Bad news, to quote Richard Stallman:

[[[ To any NSA and FBI agents reading my email: please consider    ]]]
[[[ whether defending the US Constitution against all enemies,     ]]]
[[[ foreign or domestic, requires you to follow Snowden's example. ]]]

Please delete the page
https://directory.fsf.org/wiki/Free_Software_Directory:Free_System_Distribution_Guidelines_Blacklist_Rescue.
That information is not supposed to be on our web sites!

We have a rule that we don't even mention the name of a nonfree program
unless it is very widely known.  We do not want to inform people people
that these programs exist.

Please delete the page and ack.

--
Dr Richard Stallman
President, Free Software Foundation (https://gnu.org, https://fsf.org)
Internet Hall-of-Famer (https://internethalloffame.org)
Skype: No way! See https://stallman.org/skype.html.
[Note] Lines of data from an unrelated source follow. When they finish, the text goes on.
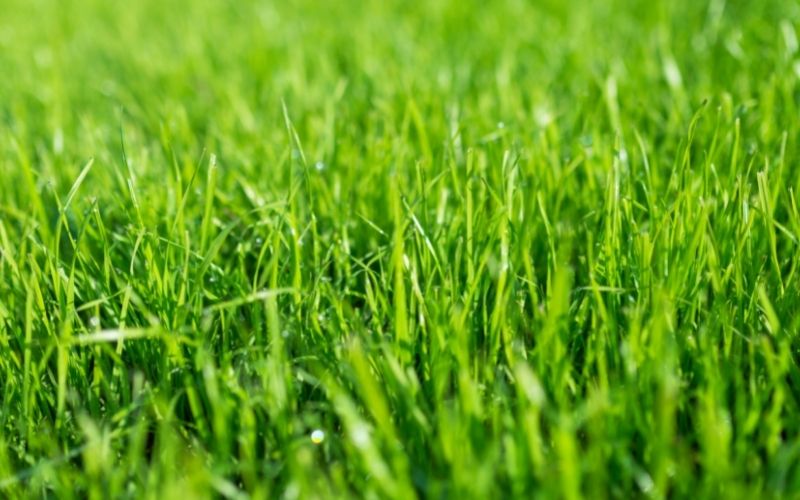 Close-up of grass blades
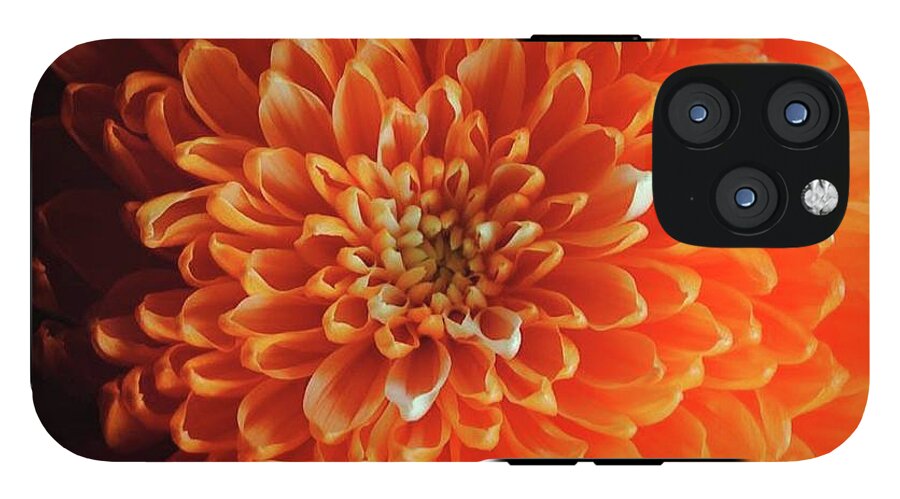 Orange Chrysanthemum - Phone Case
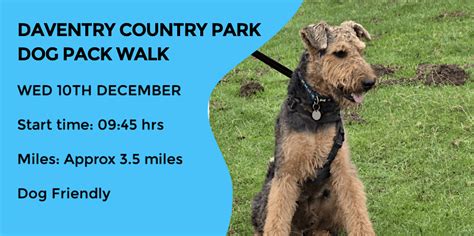 DAVENTRY COUNTRY PARK DOG PACK WALK | 3.2 MILES | NORTHANTS, The Car ...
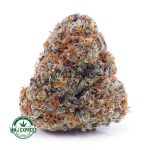 Buy Cannabis Dosi Cake AAA at MMJ Express Online Shop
On 2018-01-23 08:31, bill-auger wrote:
the issues discussed in previous thread (non-free vs anti-feature
blacklists) are mostly just details and could always be changed at a
later time - the only thing i am asking for now are some special
"Category:" pages for grouping the items, which requires admin
privileges - it matters not at all where they are to be referenced or
grafted onto any external hierarchy - they do not strictly need to exist
yet, but that all of the items i add would have "red" links to their
categories and would be essentially un-categorized until those special
category pages are actually created

regarding the "semantic" templates: as i understand, they are elaborate
data structures for the purpose of categorizing items sharing various
common, well-defined search-able properties; but there is very little
information like that in the blacklist data that would be appropriate
for these sort of "tags" other than the one single property that is
which of the categories that i have proposed each belongs to - the
important information is in the detailed descriptions that are not
appropriate for those semantic templates - for that reason (that there
is only one common property to categorize on), the "Category:" pages
alone serve the same purpose

the btw the existing
"List_of_software_that_does_not_respect_the_Free_System_Distribution_Guidelines"
page has it's own semantic template defined already, so perhaps that
could be preserved; though as i said it is not very useful unless the
entire descriptions are included and im not sure how appropriate that is


this from our previous discussion regarding the 'Antifeatures' and
'FSDG_Blacklist_Rescue pages':

David Hedlund wrote:
bill-auger wrote:
- i dont have any preference regarding those pages - Category: page have
magic that would allow the individual blacklist items to be listed
automatically as they are created and made available to API queries, RSS
feeds, and what not - and it also serves to group programs by the
reasons why they are not in the FSD rather than lumping them together on
one massive main page

if you think there should be a consolidation of "all software not in the
FSD", we could discuss that, such as adding the parabola "your-privacy"
blacklist or exactly which categories there should be; but that was not
all what i was thinking for now - these details can always be adjusted
later

"This project exists to catalog the software that is currently
blacklisted by FSDG distros and to provide clear descriptions of the
reasons why they fall short of FSDG-compliance." -

https://directory.fsf.org/wiki/Free_Software_Directory:FSDG_Blacklist_Rescue

I like that, but I also want to include some Firefox add-ons that were
hard to identify as free or nonfree, and Firefox is not a distro.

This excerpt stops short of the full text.